Division of Immunology, Beckman Research Institute of the City of Hope , 1500 E Duarte Road, Duarte, California 91010, United States.
J Chem Inf Model. 2014 May 27;54(5):1391-400. doi: 10.1021/ci400750x. Epub 2014 May 7.
Protein-protein interactions are implicated in the pathogenesis of many diseases and are therefore attractive but challenging targets for drug design. One of the challenges in development is the identification of potential druggable binding sites in protein interacting interfaces. Identification of interface surfaces can greatly aid rational drug design of small molecules inhibiting protein-protein interactions. In this work, starting from the structure of a free monomer, we have developed a ligand docking based method, called "FindBindSite" (FBS), to locate protein-protein interacting interface regions and potential druggable sites in this interface. FindBindSite utilizes the results from docking a small and diverse library of small molecules to the entire protein structure. By clustering regions with the highest docked ligand density from FBS, we have shown that these high ligand density regions strongly correlate with the known protein-protein interacting surfaces. We have further predicted potential druggable binding sites on the protein surface using FBS, with druggability being defined as the site with high density of ligands docked. FBS shows a hit rate of 71% with high confidence and 93% with lower confidence for the 41 proteins used for predicting druggable binding sites on the protein-protein interface. Mining the regions of lower ligand density that are contiguous with the high scoring high ligand density regions from FBS, we were able to map 70% of the protein-protein interacting surface in 24 out of 41 structures tested. We also observed that FBS has limited sensitivity to the size and nature of the small molecule library used for docking. The experimentally determined hotspot residues for each protein-protein complex cluster near the best scoring druggable binding sites identified by FBS. These results validate the ability of our technique to identify druggable sites within protein-protein interface regions that have the maximal possibility of interface disruption.

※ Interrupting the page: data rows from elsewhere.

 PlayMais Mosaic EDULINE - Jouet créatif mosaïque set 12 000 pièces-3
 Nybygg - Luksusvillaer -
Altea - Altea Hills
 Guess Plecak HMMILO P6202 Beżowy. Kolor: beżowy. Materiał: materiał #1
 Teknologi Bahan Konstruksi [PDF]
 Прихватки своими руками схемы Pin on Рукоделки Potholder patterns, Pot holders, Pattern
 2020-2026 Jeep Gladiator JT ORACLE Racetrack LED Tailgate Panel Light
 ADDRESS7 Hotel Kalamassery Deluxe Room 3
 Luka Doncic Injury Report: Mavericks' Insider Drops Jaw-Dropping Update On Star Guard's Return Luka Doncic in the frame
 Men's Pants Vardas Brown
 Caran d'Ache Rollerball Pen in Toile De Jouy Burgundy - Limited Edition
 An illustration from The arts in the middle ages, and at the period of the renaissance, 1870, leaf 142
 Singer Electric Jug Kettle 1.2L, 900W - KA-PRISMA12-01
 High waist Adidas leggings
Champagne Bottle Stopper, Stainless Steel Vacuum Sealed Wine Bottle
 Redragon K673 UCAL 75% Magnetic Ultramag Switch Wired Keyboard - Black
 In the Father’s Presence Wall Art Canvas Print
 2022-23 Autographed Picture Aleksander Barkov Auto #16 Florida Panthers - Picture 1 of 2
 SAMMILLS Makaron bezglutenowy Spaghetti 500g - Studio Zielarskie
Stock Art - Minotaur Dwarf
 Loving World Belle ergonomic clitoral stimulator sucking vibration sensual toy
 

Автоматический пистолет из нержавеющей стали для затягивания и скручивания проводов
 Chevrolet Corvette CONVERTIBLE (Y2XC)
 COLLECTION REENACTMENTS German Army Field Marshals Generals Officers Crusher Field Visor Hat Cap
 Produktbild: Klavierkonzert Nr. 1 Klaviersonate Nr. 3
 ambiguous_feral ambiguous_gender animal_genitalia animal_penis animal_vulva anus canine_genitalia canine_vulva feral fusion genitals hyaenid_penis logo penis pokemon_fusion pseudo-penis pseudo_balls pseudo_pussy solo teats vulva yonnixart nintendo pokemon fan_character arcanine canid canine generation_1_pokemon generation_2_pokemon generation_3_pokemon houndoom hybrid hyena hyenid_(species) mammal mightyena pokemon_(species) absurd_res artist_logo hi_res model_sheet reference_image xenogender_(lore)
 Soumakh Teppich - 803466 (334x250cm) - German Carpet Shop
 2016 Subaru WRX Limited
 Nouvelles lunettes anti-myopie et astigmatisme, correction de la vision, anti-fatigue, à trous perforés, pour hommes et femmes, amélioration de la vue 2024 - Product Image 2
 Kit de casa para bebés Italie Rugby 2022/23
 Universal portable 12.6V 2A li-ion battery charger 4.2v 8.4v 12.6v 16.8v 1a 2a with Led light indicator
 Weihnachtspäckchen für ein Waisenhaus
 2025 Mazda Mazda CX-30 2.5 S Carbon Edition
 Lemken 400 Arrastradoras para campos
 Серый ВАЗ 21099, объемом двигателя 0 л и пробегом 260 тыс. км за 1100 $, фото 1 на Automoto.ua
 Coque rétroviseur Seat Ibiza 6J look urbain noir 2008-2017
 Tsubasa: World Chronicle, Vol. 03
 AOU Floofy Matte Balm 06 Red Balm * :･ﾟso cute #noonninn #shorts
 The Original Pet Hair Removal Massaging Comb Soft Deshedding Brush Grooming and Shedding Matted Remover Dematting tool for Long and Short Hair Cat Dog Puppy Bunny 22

蛋白质-蛋白质相互作用与许多疾病的发病机制有关,因此是药物设计有吸引力但具有挑战性的目标。开发过程中的一个挑战是鉴定蛋白质相互作用界面中潜在的可成药结合位点。鉴定界面表面可以极大地帮助小分子抑制蛋白质-蛋白质相互作用的合理药物设计。在这项工作中,我们从自由单体的结构出发,开发了一种基于配体对接的方法,称为“FindBindSite”(FBS),用于定位蛋白质-蛋白质相互作用界面区域和该界面中的潜在可成药位点。FindBindSite 利用将小分子的小而多样的文库对接至整个蛋白质结构的结果。通过从 FBS 聚类具有最高对接配体密度的区域,我们表明这些高配体密度区域与已知的蛋白质-蛋白质相互作用表面强烈相关。我们还使用 FBS 预测了蛋白质表面上的潜在可成药结合位点,将成药性定义为具有高对接配体密度的位点。对于用于预测蛋白质-蛋白质界面上可成药结合位点的 41 个蛋白质,FBS 的命中率为 71%(置信度高)和 93%(置信度低)。从 FBS 的高得分高配体密度区域中挖掘与低配体密度区域连续的区域,我们能够映射 41 个测试结构中的 24 个蛋白质-蛋白质相互作用表面的 70%。我们还观察到 FBS 对用于对接的小分子文库的大小和性质的灵敏度有限。每个蛋白质-蛋白质复合物的实验确定的热点残基聚类在 FBS 确定的最佳得分可成药结合位点附近。这些结果验证了我们的技术在识别蛋白质-蛋白质界面区域内具有最大界面破坏可能性的成药位点的能力。